UPDATE 4/5/10: I made about 135 of these little delights yesterday morning. This afternoon there were about 20 left. Hmmmmm. I know for a fact I only ate 3. It was my Dad, I know it was. He can really hoover these things up. I love that about him.
Makes about 11 dozen cookies
¾ pound unsalted butter, softened (3 sticks)
½ cup sour cream
3 cups unbleached all-purpose flour
½ teaspoon kosher salt
fillings: canned Solo filling, jam, or cream cheese filling (recipe below)
- For the dough: in the bowl of a standing mixer, cream the butter on medium speed for a minute or two until smooth.
- Add the sour cream and mix until well blended
- Add half the flour and the salt and mix until incorporated somewhat.
- Add the remaining flour and mix until fully combined.
- Turn the dough out onto a counter and give a few gentle kneads to incorporate any remaining dry bits.
- Roll: Divide the dough into 4 pieces.
- Roll each piece, while room temperature, between two sheets of plastic wrap until thin – about 1/16”.
- Stack the plastic wrapped sheets on a sheet pan and refrigerate until firm – about an hour or overnight if well wrapped. Watch the edges – if you refrigerate overnight, any exposed bits of dough will dry out. Dough can be frozen up to 2 months at this point, if you wish.
- Preheat the oven to 350°F and line 3-4 sheet pans with parchment or silpat mats.
- Cutting: Take one sheet of dough out of the fridge (keep remaining dough in the fridge), remove the top sheet of plastic and cut out circles with a 2” round cutter.

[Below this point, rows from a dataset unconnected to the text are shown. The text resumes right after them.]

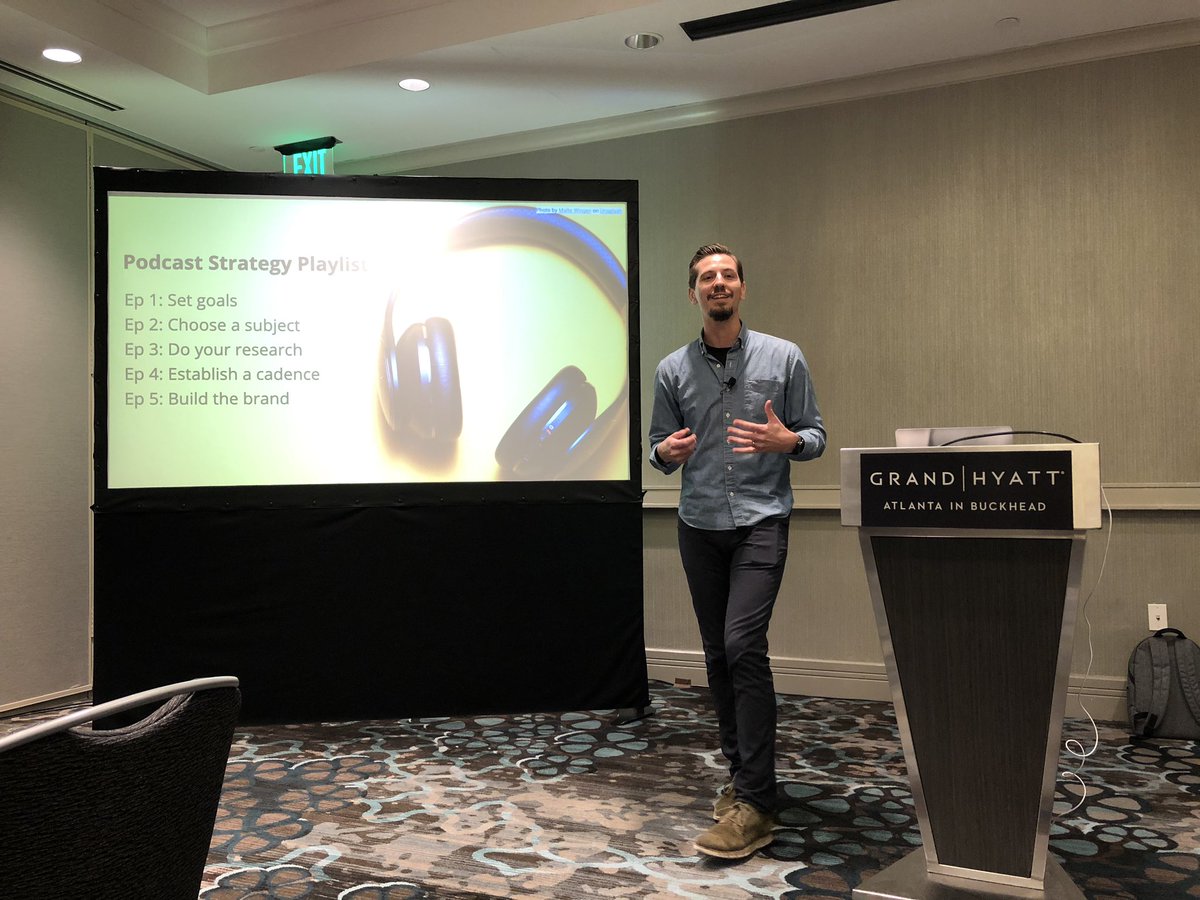 embrooksy8's tweet photo. 🔑 takeaways when considering podcasting in a saturated market:

🎧 clear goals: not metrics but organisation goals
🎧 NOT just audio production -think visual 
🎧 production quality now 🔥 
🎧 what listeners want to hear 
🎧 set a realistic cadence 
🎧 SEO matters 

#CASEPP #hesm https://t.co/RBT5FogKan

- Filling: Place the dough circles on a very lightly floured work surface and pipe or spoon a bit of filling down the center of each circle – about 1 teaspoon of filling.
- Fold up the side of the dough circle and pinch tightly to seal. Place on prepared sheet pans, spacing about ½” apart.
- Bake: Bake, rotating the pans top to bottom and front to back halfway through baking, for about 15-18 minutes total, until lightly golden brown.
- Let cool completely, then dust with powdered sugar.
- Kolacky are best served the day they are made but will keep, tightly wrapped for a day or two.
Cream Cheese Filling:
8oz cream cheese, room temperature (1 package)
½ cup sugar
1 large egg yolk
1 teaspoon vanilla
pinch of kosher salt
In the bowl of a standing mixer, cream together all the ingredients until well combined. Refrigerate until needed.